Work request: The output should be the listing below, limited to the lines from the one with "Happiness Mood Bear" through the one with "Plan 3 pok. 58m²", exact and without pictures.

**** Dataset records ****

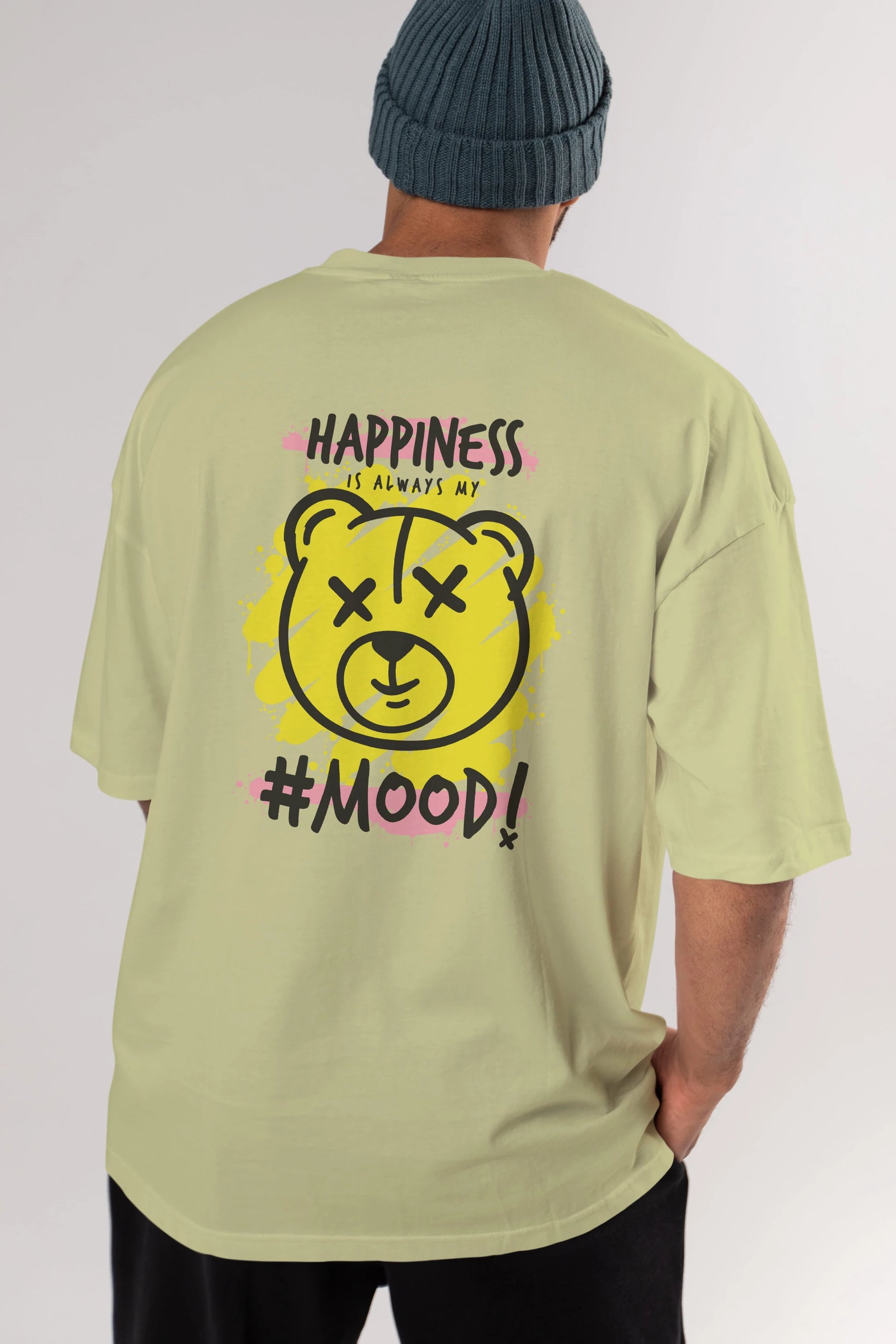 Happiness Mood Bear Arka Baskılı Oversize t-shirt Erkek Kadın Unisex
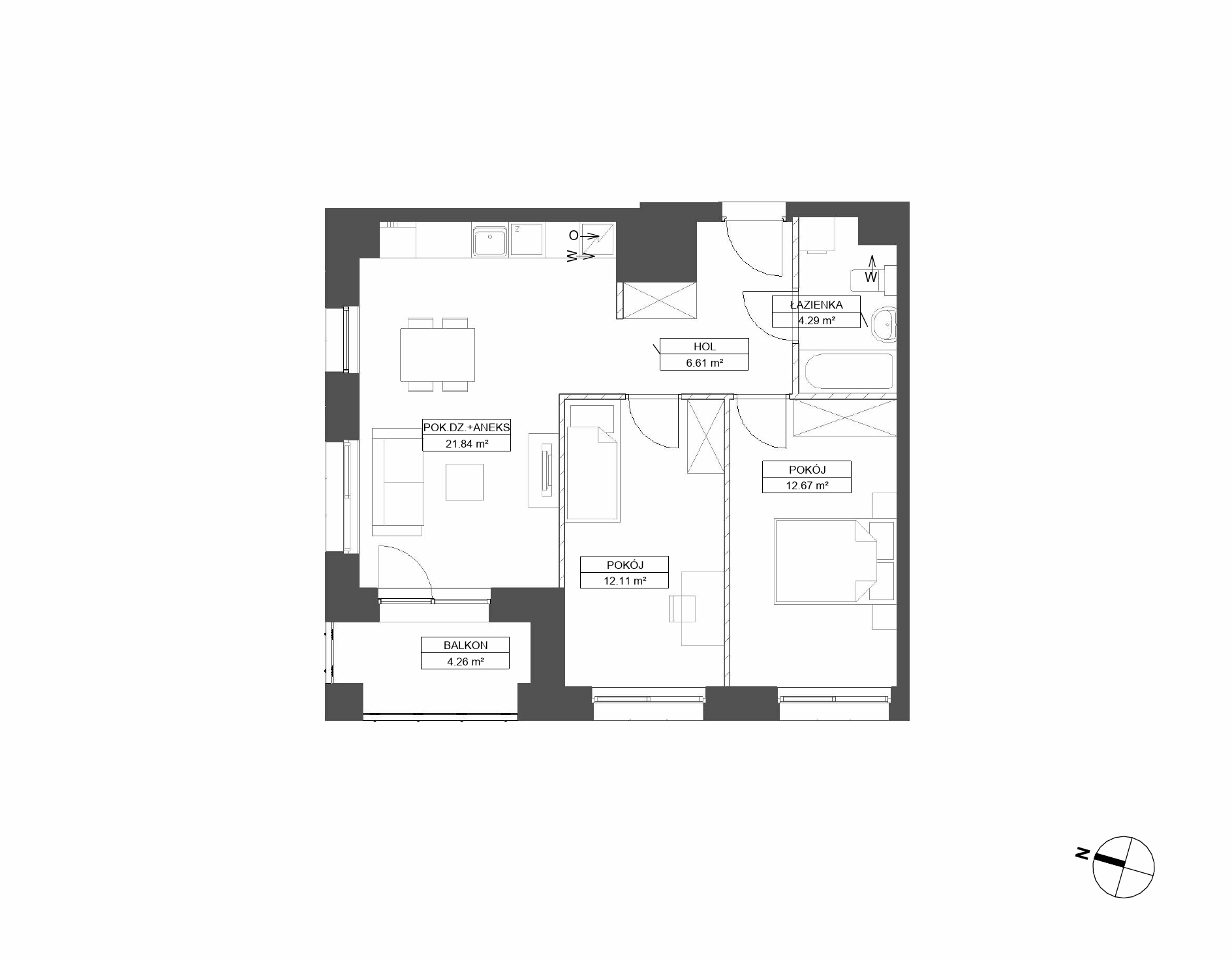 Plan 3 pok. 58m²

****
**** Dataset records ****

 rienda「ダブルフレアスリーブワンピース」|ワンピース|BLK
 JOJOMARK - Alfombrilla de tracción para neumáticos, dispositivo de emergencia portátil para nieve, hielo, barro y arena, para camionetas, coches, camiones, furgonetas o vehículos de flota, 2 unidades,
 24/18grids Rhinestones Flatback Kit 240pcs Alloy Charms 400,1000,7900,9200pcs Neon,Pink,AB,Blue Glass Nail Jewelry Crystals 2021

****

Your response:
 Happiness Mood Bear Arka Baskılı Oversize t-shirt Erkek Kadın Unisex
 Plan 3 pok. 58m²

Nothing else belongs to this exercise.